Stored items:
===============
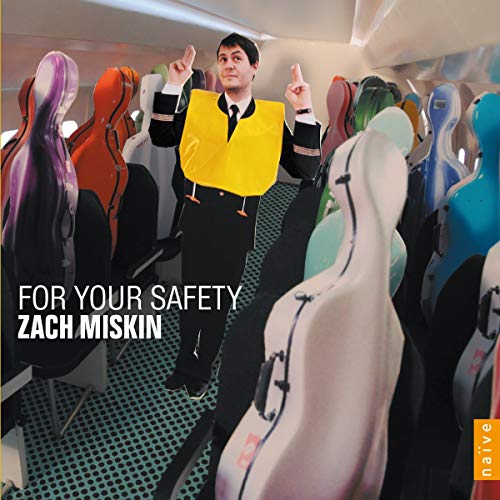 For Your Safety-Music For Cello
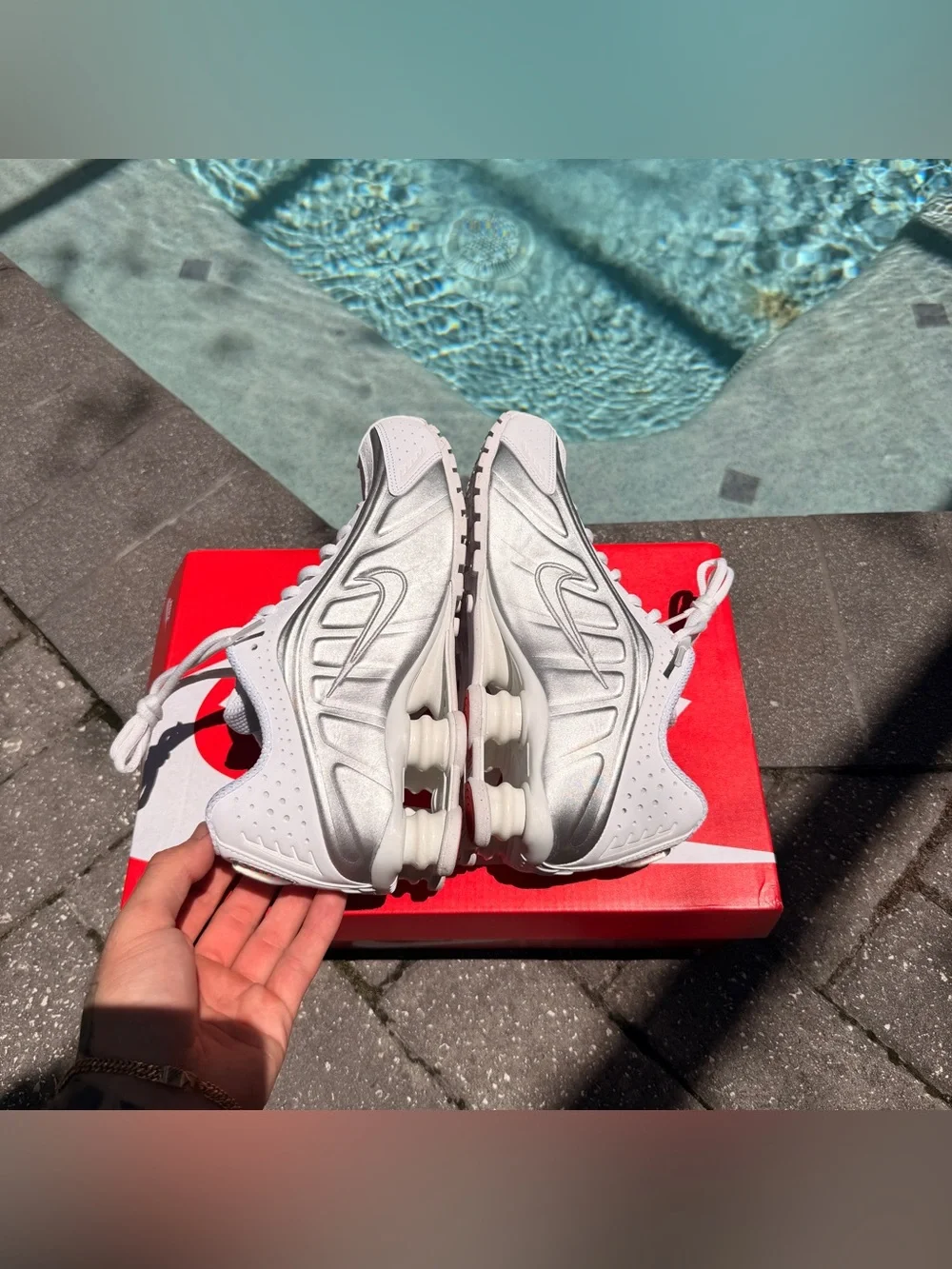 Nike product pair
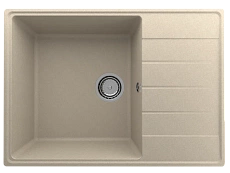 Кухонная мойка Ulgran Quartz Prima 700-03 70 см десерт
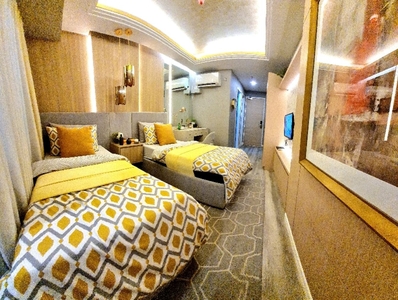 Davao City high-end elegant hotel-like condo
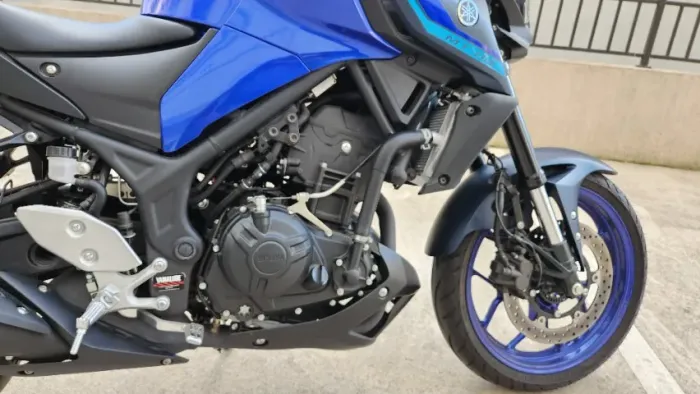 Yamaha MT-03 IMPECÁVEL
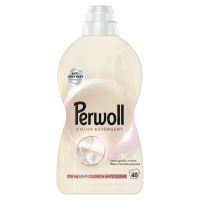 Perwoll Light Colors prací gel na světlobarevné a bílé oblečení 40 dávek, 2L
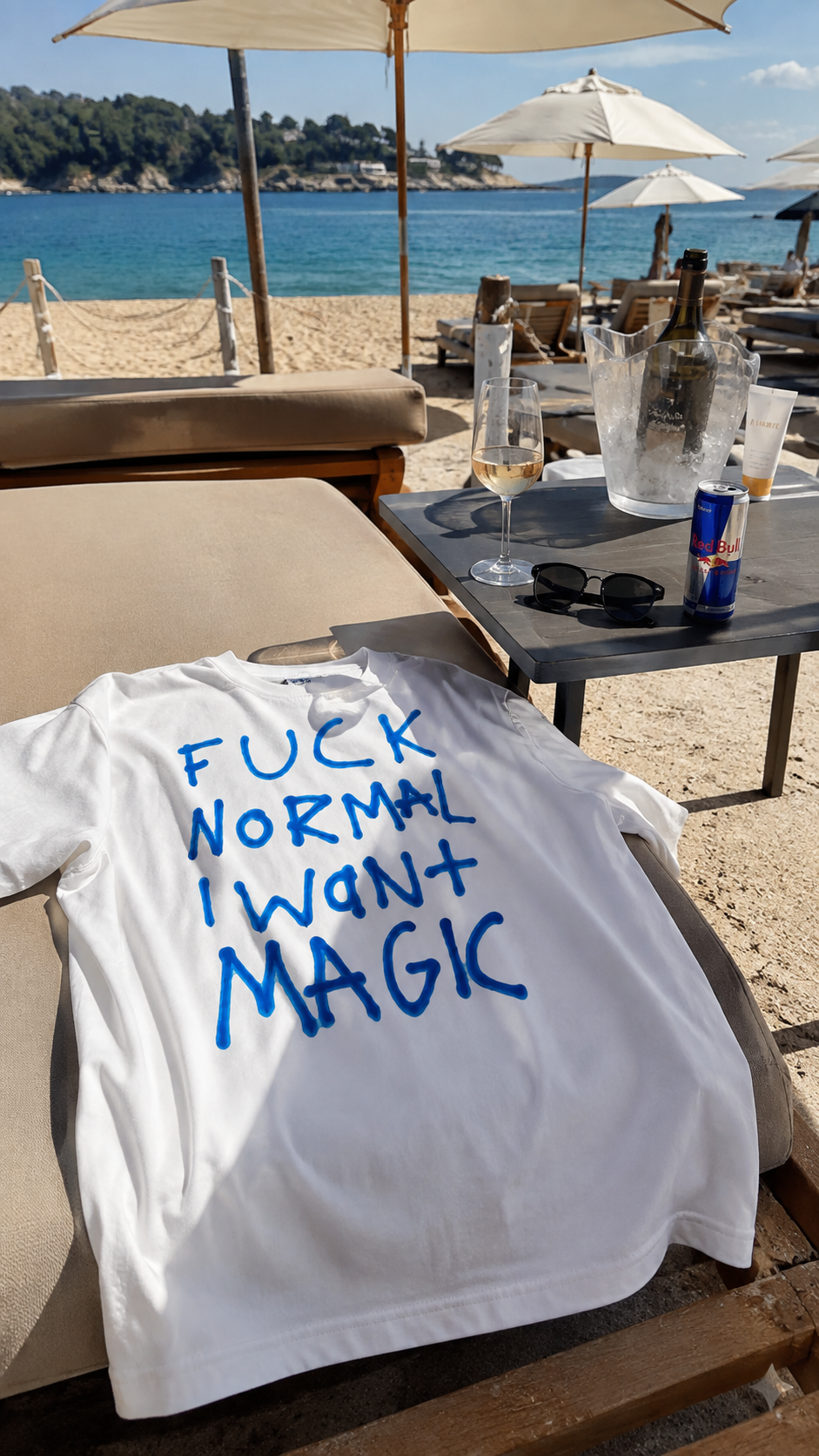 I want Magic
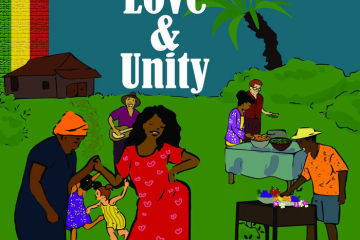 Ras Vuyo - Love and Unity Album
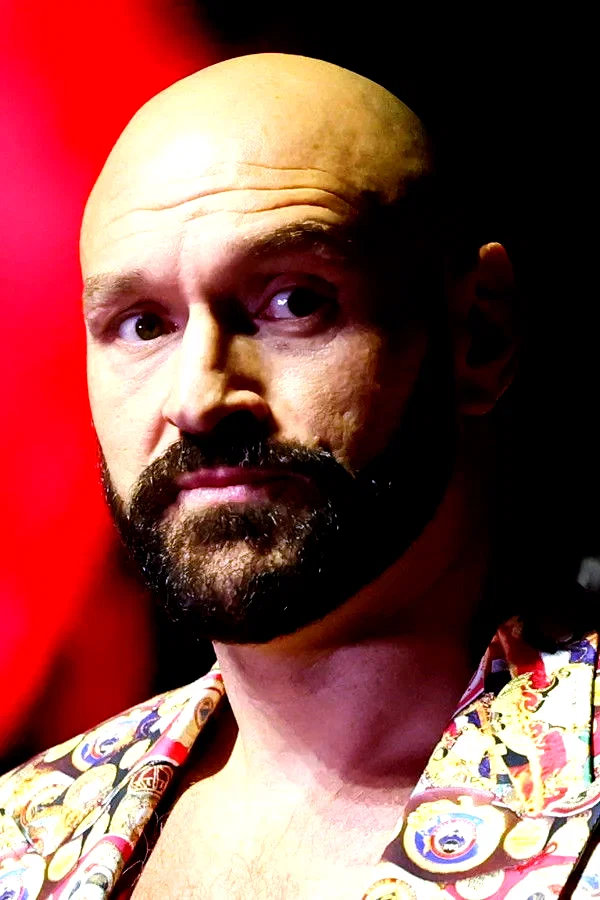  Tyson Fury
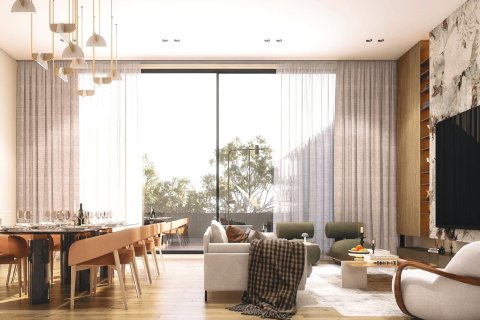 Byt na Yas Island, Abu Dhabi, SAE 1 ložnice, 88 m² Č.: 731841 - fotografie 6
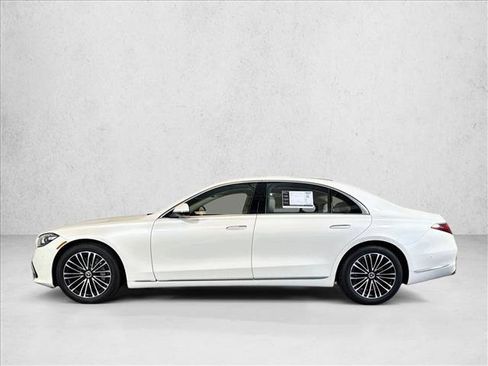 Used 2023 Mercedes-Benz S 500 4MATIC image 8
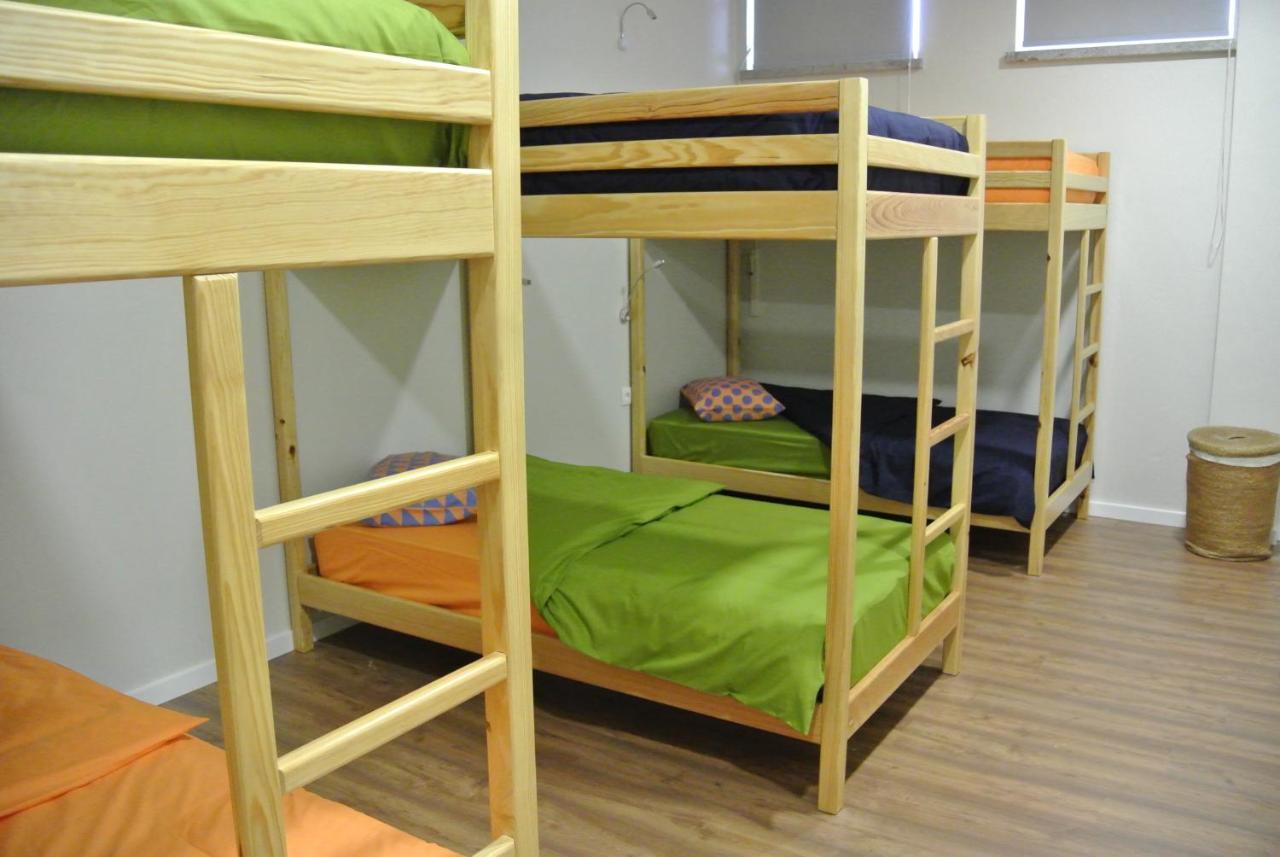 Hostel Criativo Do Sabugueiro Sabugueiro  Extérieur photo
===============
Directions for this task: Apart from the pictures, repeat the data above exactly.

Exercise answer:
 For Your Safety-Music For Cello
 Nike product pair
 Кухонная мойка Ulgran Quartz Prima 700-03 70 см десерт
 Davao City high-end elegant hotel-like condo
 Yamaha MT-03 IMPECÁVEL
 Perwoll Light Colors prací gel na světlobarevné a bílé oblečení 40 dávek, 2L
 I want Magic
 Ras Vuyo - Love and Unity Album
  Tyson Fury
 Byt na Yas Island, Abu Dhabi, SAE 1 ložnice, 88 m² Č.: 731841 - fotografie 6
 Used 2023 Mercedes-Benz S 500 4MATIC image 8
 Hostel Criativo Do Sabugueiro Sabugueiro  Extérieur photo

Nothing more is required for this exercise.